PROBLEM DESCRIPTION — Once you find the line below that has "3 Bed Flat, Bromley Road, E10 - Photo 2", output it and every line after it exactly, stopping after the line that has "Texas car accident", with no pictures.
TASK INPUT below:
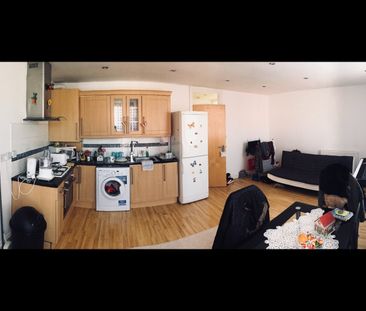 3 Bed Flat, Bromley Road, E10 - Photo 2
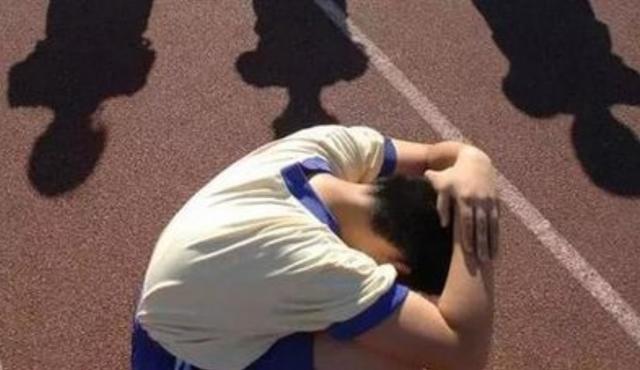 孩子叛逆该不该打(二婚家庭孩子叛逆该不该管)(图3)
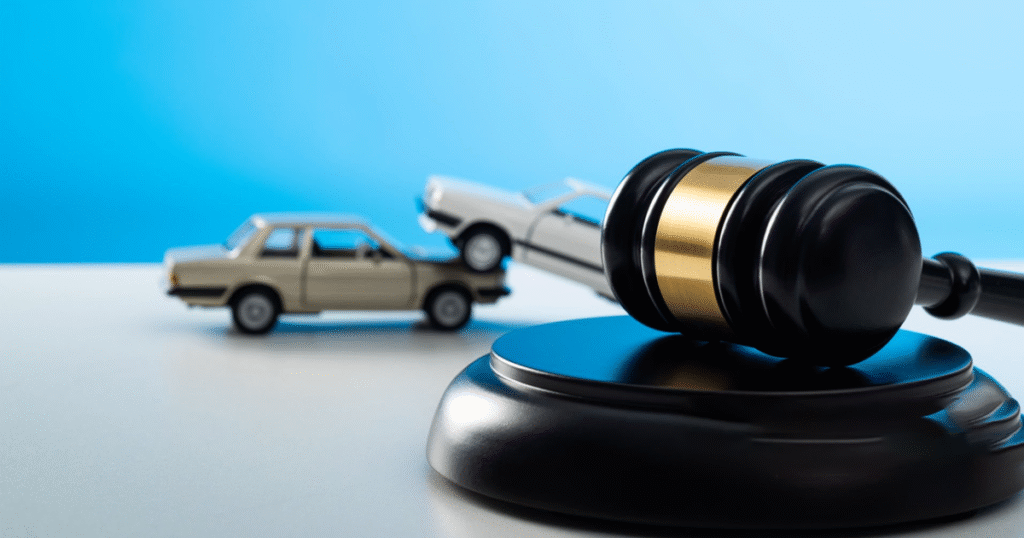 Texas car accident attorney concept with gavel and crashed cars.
End of TASK INPUT.
TASK INPUT below:
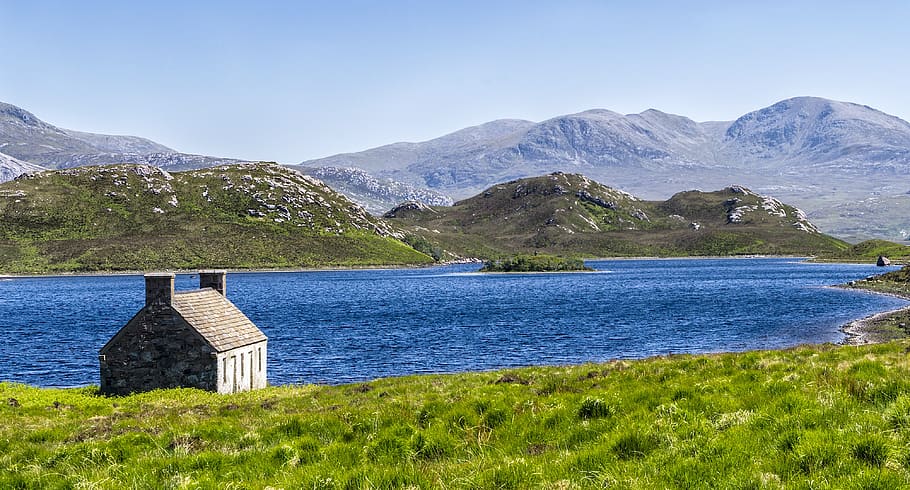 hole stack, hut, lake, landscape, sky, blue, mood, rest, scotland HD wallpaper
End of TASK INPUT.
TASK INPUT below:
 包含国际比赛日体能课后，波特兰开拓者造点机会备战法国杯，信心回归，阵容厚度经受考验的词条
End of TASK INPUT.
WRITTEN RESPONSE —
 3 Bed Flat, Bromley Road, E10 - Photo 2
 孩子叛逆该不该打(二婚家庭孩子叛逆该不该管)(图3)
 Texas car accident attorney concept with gavel and crashed cars.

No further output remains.